A Dieu Vat (27)

A Dieu Vat (27)

Des cendres à la mer 

Quelque temps plus tard, l'urne de cendres fut récupérée. Un objet sans charme, sans signe distinctif. Avec un peu d’imagination, sa forme aurait pu être celle d'une coque de voilier.
En guise de dernier véhicule, une boîte métallique grise, contenant ce qu’il restait de Princhard; tu parles d’un corbillard . Lui aurait mérité une fin à la viking. En lieu et place d’un four sans âme , tâcheron de la crémation de cadavres ; un fier vaisseau de bois, un mat et une grande voile carrée.
 De vieux loups de mer l'auraient embrasé avant d’aller trinquer en racontant sa légende.
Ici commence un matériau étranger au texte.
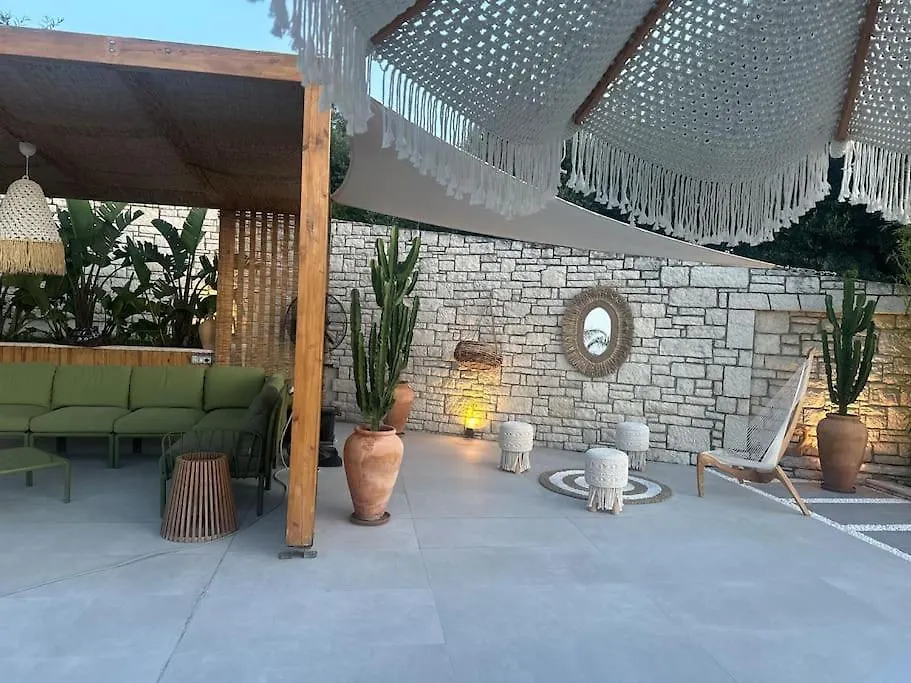 Green House Vlorë 0*,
Une légende qui se serait étoffée à chaque pinte de bière rousse, dont la mousse blanchirait les moustaches et déclencherait les fous rires. Mais de lui ne restait que quelques poignées de poussière, un peu de mystère et beaucoup, beaucoup trop de silence.

Sans rien dire à personne, ni à Mary, ni à mon père, ni à la mer, je suis monté à bord d’À Dieu Vat, pour une dernière navigation en tête-à-urne avec Marcel. C’était une affaire entre lui et moi.

 Je le posais en vigie sur le roof, comme un capitaine au centre de sa passerelle. Le vent était calme, la mer aussi. Juste un moment suspendu, sans drame. À quelques milles au large. Là où les lignes téléphoniques ne vont pas, où l’horizon reprend ses droits. Pas de discours, Marcel n’aurait pas supporté. Alors, j'ai ouvert la boîte de sardines. Le métal était froid, ce qu’il contenait, l’était tout autant. Le nuage gris s’est élevé dans la brise, calme, puis est retombé lentement, comme s’il avait reconnu le lieu de sa dernière résidence. Les poussières se sont mêlées à l’eau, comme une évidence.

J’ai murmuré simplement : « Te voilà libre, papa. »

Il croyait en la mer, ses colères franches, son absence de rancune, de jugement et sa façon de faire comme si rien ne s'était passé, avant. Un peu de sel, un peu de vent. Et la certitude que l’océan l’avalerait définitivement, comme un secret bien gardé.


À suivre...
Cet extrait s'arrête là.